An einer Offenlegung von Zahlen ist auch Disney momentan nicht gelegen. Zwar verkündete der Konzern stolz, »Black Widow« habe in der Startwoche 60 Millionen Dollar auf Disney+ eingebracht (was zwei Millionen Abonennten entspricht, die bereit waren, dafür 29,99 Dollar extra zu zahlen). Über die Ergebnisse der Folgewochen schweigt man sich aus, was auf eine enttäuschende Entwicklung schließen lassen könnte.
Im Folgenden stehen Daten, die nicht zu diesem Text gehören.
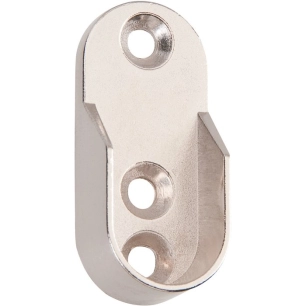 support tube penderie oval ni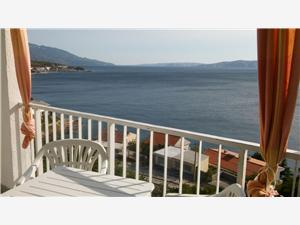 Ferienwohnung Anđela Riviera von Rijeka und Crikvenica, Größe 50,00 m2, Luftlinie bis zum Meer 40 m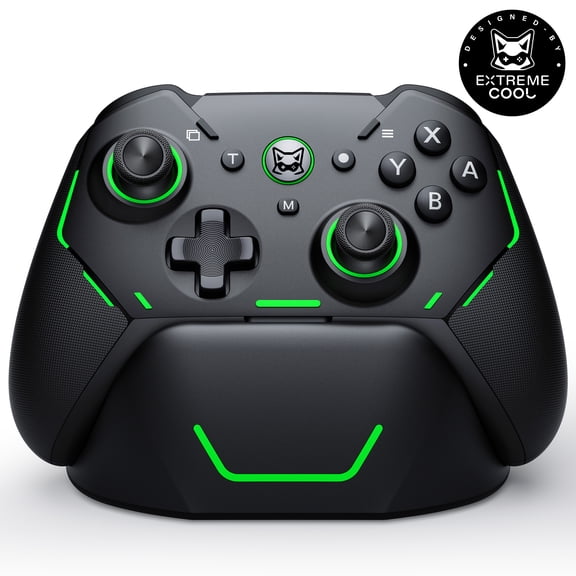 NC800 Game Controller with Charging Dock for Switch 2, Switch, Switch OLED & Switch Lite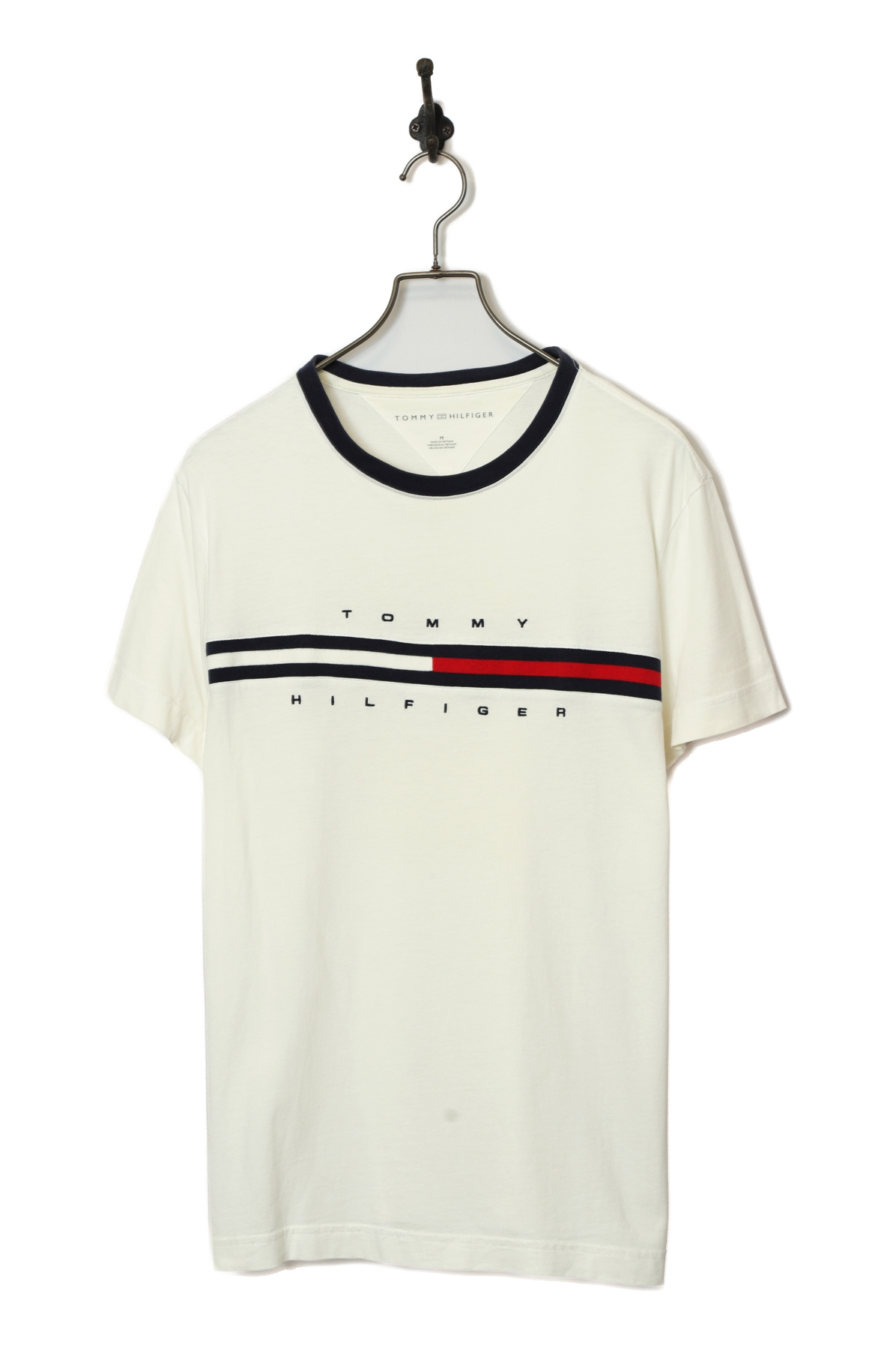 USED TOMMY HILFIGER LOGO T-SHIRT/M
Der Börsenkurs schnellte jedoch, wie von Disney erhofft, in die Höhe. Brancheninsider gehen davon aus, dass in ähnlichen Fällen längst hinter verschlossenen Türen nachträgliche Vereinbarungen ausgehandelt werden. In den Verträgen zum gerade angelaufenen »Jungle Cruise« wurden bereits Bonuszahlungen festgelegt, die durch die Verwertung auf Disney+ fällig werden.
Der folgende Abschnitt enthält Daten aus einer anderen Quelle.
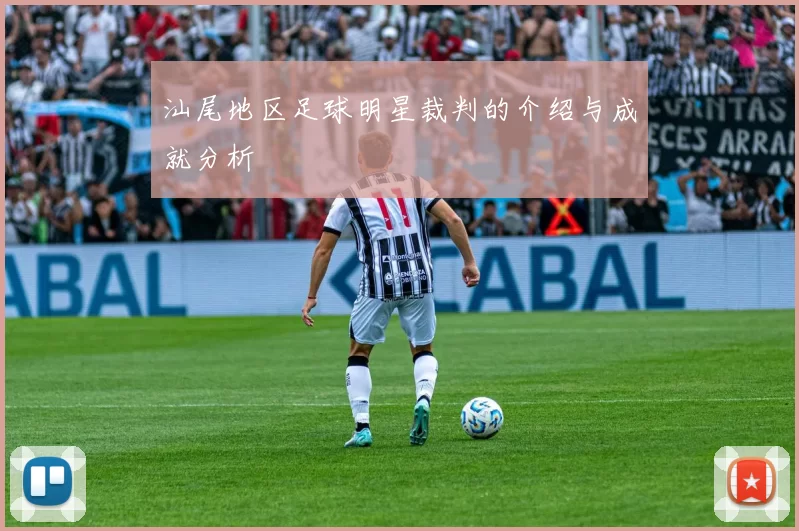 汕尾地区足球明星裁判的介绍与成就分析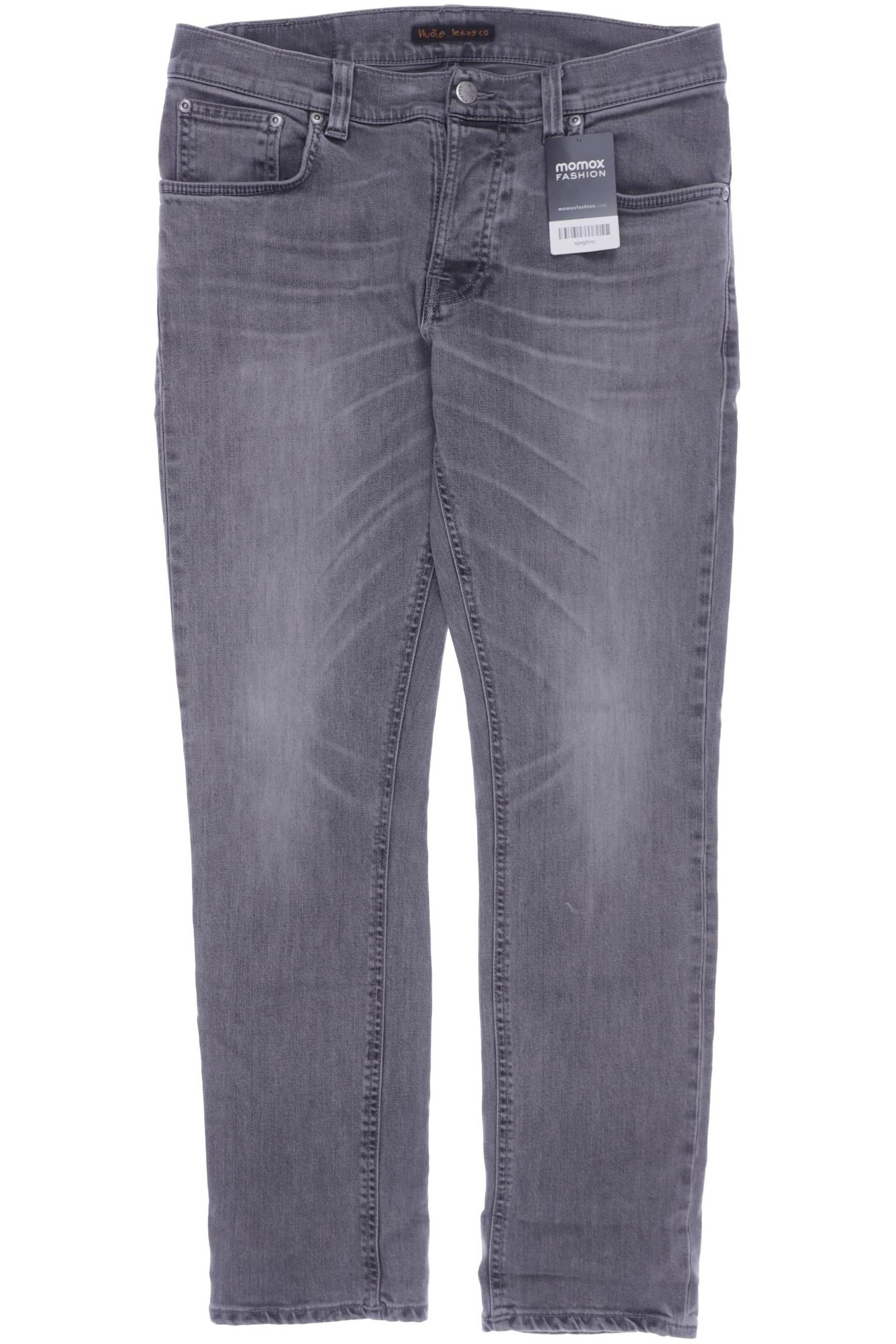 

Nudie Jeans Damen Jeans, grau, Gr. 31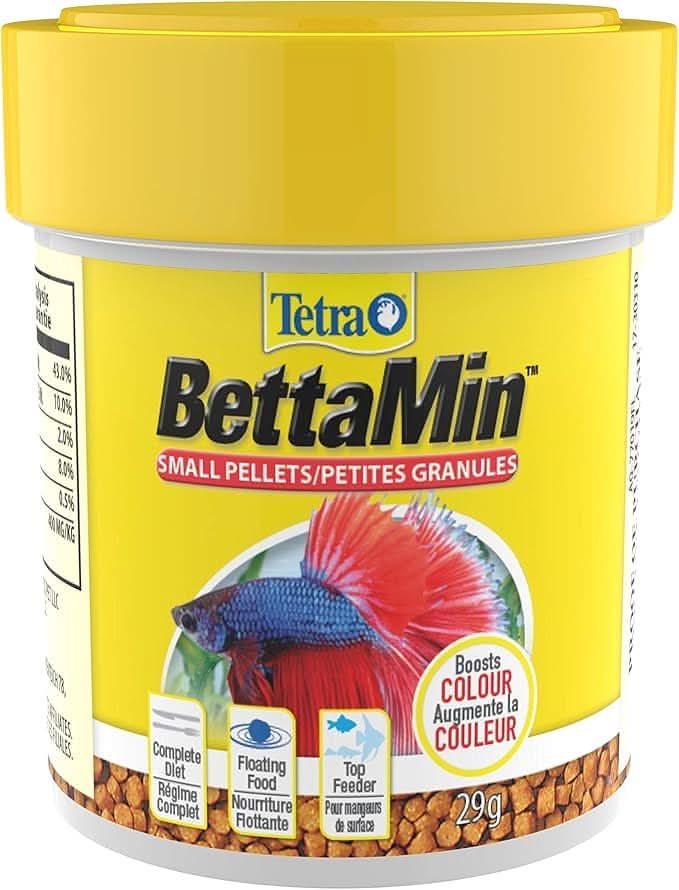 Betta Min Mini Pellets 29g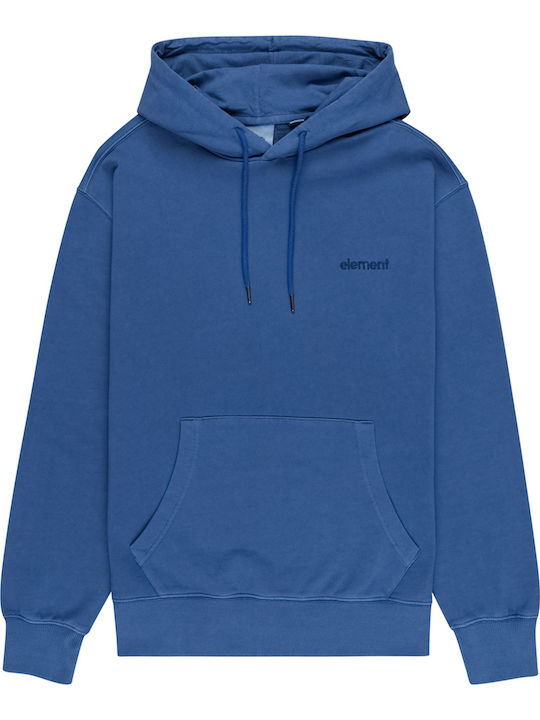 Cornell 3.0 Sweatshirt with Hood Navy Blue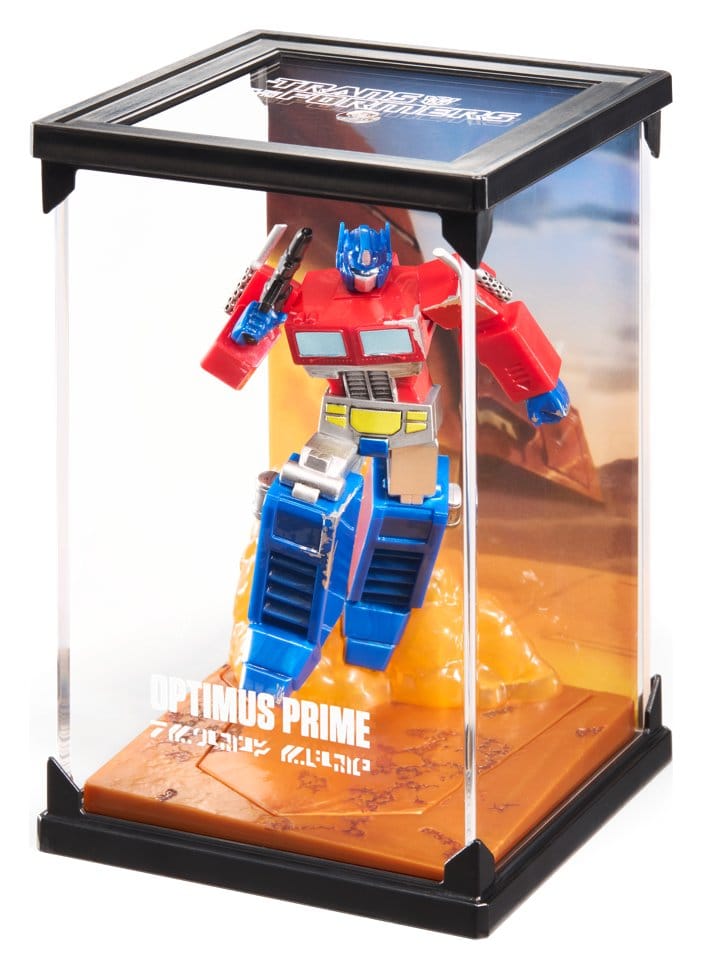 Transformers diorama Optimus Prime 18 cm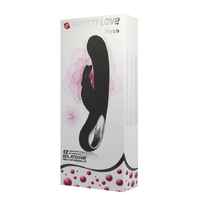 P/L "WEBB" BLACK SILICONE G-SPOT VIBE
Johansson hingegen ist an die Öffentlichkeit getreten und hat diese anscheinend sogleich auf ihre Seite gebracht. Sie scheut das offene Wort nicht. Zum Filmstart etwa hat sie die Sexualisierung ihrer Figur in vorherigen Avengers-Episoden heftig beklagt. Ihr Mut stößt auch unter KollegInnen auf großen Zuspruch. Die erste Reaktion der Disney-Leitung auf die Klage hat sich zu einem PR-Desaster entwickelt. Sie sei erschüttert, ließ sie verlauten, welchen Mangel an Mitgefühl für die Opfer der Pandemie die Forderungen der Schauspielerin demonstrierten. Selbst wenn sich zwischen beidem ein Zusammenhang konstruieren ließe, ist das eine zynische Argumentation von Seiten eines Konzerns, der 30000 Angestellte entlässt, um weiterhin Dividenden auszahlen zu können. Verbände wie "Women in Film" und "Time's up" zeihen Disney eines frauenfeindlichen Charakterangriffs. Wieder einmal stehen sich in einer aktuellen Debatte also Maximalpositionen unversöhnlich gegenüber.

Brancheninsider bewerten die Erfolgsaussichten der Klage bisher mehrheitlich als hoch. Eine möglicherweise grundlegende Frage ist aber schon einmal, wer überhaupt verklagt werden kann, Marvel Studios oder deren Eigentümer Disney? Johanssons Rechtsvertreter werden sich dies vorher überlegt haben. Jedoch gibt es bei zentralen Klauseln ihres Vertrag einen gewissen Interpretationsspielraum. Als Johansson ihn unterschrieb, konnte sie davon ausgehen, dass ihr Film einen breit angelegten Start in mehr als 1500 Kinos haben solle (tatsächlich waren es 4000) und das Studio ein Fenster von 90 bis 120 Tagen einhalten würde, bis es ihn auf Heimmedien auswertet. Da bewegt man sich im heiklen Bereich der vorherrschenden juristischen Meinung. Dass sich dies damals verstand, könnten Disneys Rechtsvertreter als heute nicht mehr bindend auslegen. Johanssons Anwälte verweisen jedoch auf die Email eines Justitiars, der für den Fall einer Änderung der Verwertungskette entsprechende Nachverhandlungen zusicherte. Wie auch immer das Verfahren ausgeht – das Tischtuch zwischen Johansson und Disney scheint zerrissen. Vielleicht hat sie nun wieder mehr Zeit, in kleineren Filmen wie »Marriage Story« mitzuspielen. An dessen Ende fängt für die streitenden Parteien ein neues Kapitel an und es zeigt sich, dass Wandel nie ohne Zuversicht auskommt. Das ist im Filmgeschäft seit 1895 so.